El móvil se aleja hacia el oriente, mientras yo me desplazo hacia el poniente, en exacta dirección contraria. Y todo lo que describí, ahorrándome palabras, apenas lo alcancé a percibir nada más que un par de segundos. Los parlantes de mi auto es más lo que chicharrean que lo que verdaderamente suenan. Aún así, alcanzo a distinguir los versos con que el Indio Solari cierra su casi genial disco Porco Rex. “Donde hay dolor habrá canciones”. Nueve. Son sólo nueve sílabas que sirven para definir un plan, una visión de vida y un resultado sonoro. No pienso escribir por el momento un review de un disco que salió el año pasado. Pero es extraño constatar como esos y otros versos se aferran con dientes y uñas a la realidad cada minuto que pasa, con más y más fuerza.

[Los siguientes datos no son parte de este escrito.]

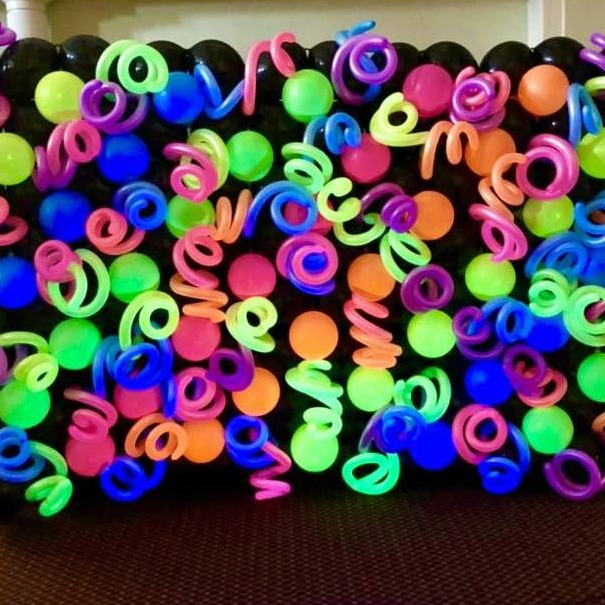 Balão Canudo 260 NEON – 25 Unidades – Balões para Modelagem e Decoração de Festas 🎉✨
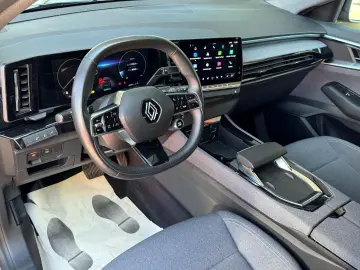 RENAULT Austral TCe Kamera LED LEASING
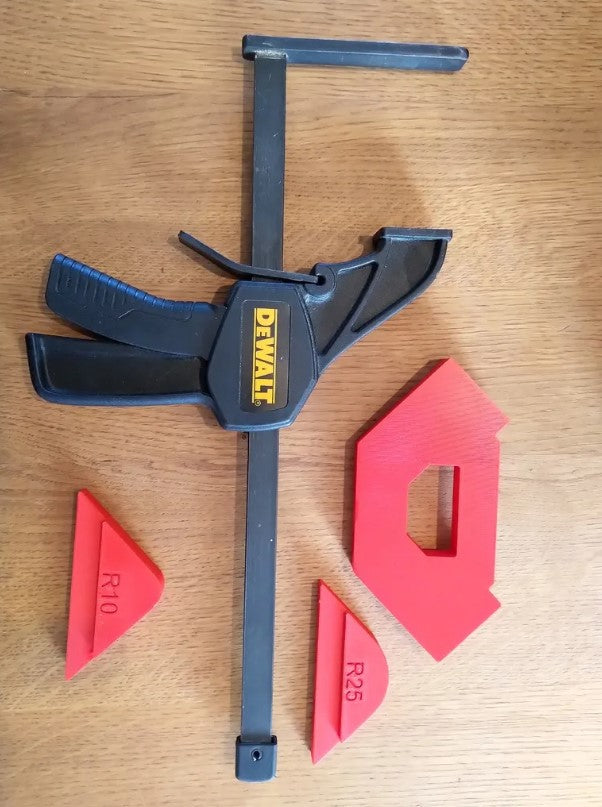 Router Template – Corner Radius Jig compatible with DeWalt 6x12mm clamps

Mientras avanzo por el incierto asfalto de la patria, mi torpe humanidad junto a la de otros miles se lanza en plan de buscar acá o allá algo con que llenar ciertos vacíos. Cada cual sabrá, si tiene suerte, de qué está hecha esa materia milagrosa que se busca. Yo no lo sé, no tengo la menor idea.
Y cruzo y cruzo puentes, avenidas infames, tacos soporíferos. Y esquivo a un compatriota tras otro que me viene con su propio cuento, que me limpia los vidrios, que me vende un chocolate, que quiere monedas para los niños moribundos o los bomberos más heroicos. Los evado uno a uno, con mi mirada compasiva y mentirosa, subiendo el volumen de la radio para que el rock and roll de rabia tome el mando y pilotee todas estas naves.